■ Data extract ■
· · · · · · ·
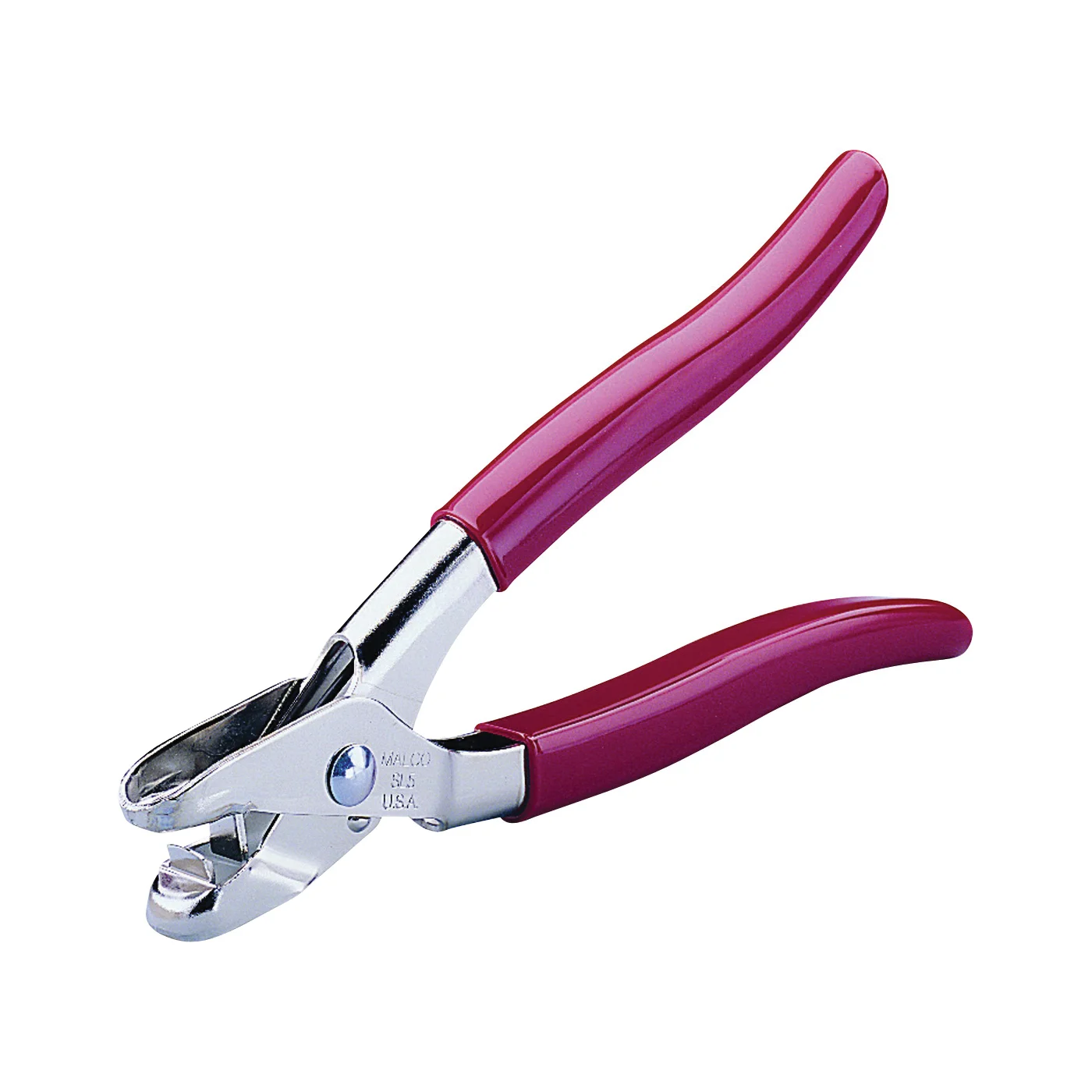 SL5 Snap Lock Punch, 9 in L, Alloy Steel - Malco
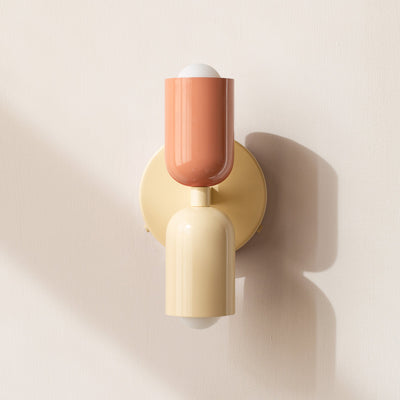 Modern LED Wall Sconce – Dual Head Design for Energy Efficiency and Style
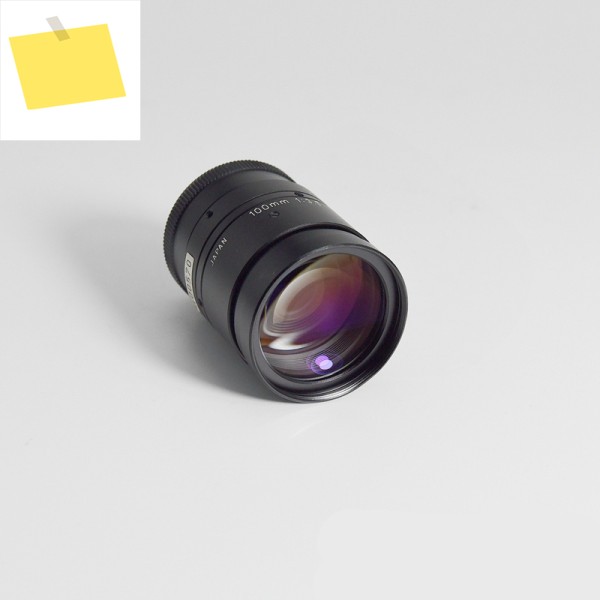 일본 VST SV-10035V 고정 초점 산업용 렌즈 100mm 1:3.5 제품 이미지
· · · · · · ·
■ Requirement ■
The reply must consist of the complete listing, reproduced exactly, with no images.

■ Reply to the exercise ■
 SL5 Snap Lock Punch, 9 in L, Alloy Steel - Malco
 Modern LED Wall Sconce – Dual Head Design for Energy Efficiency and Style
 일본 VST SV-10035V 고정 초점 산업용 렌즈 100mm 1:3.5 제품 이미지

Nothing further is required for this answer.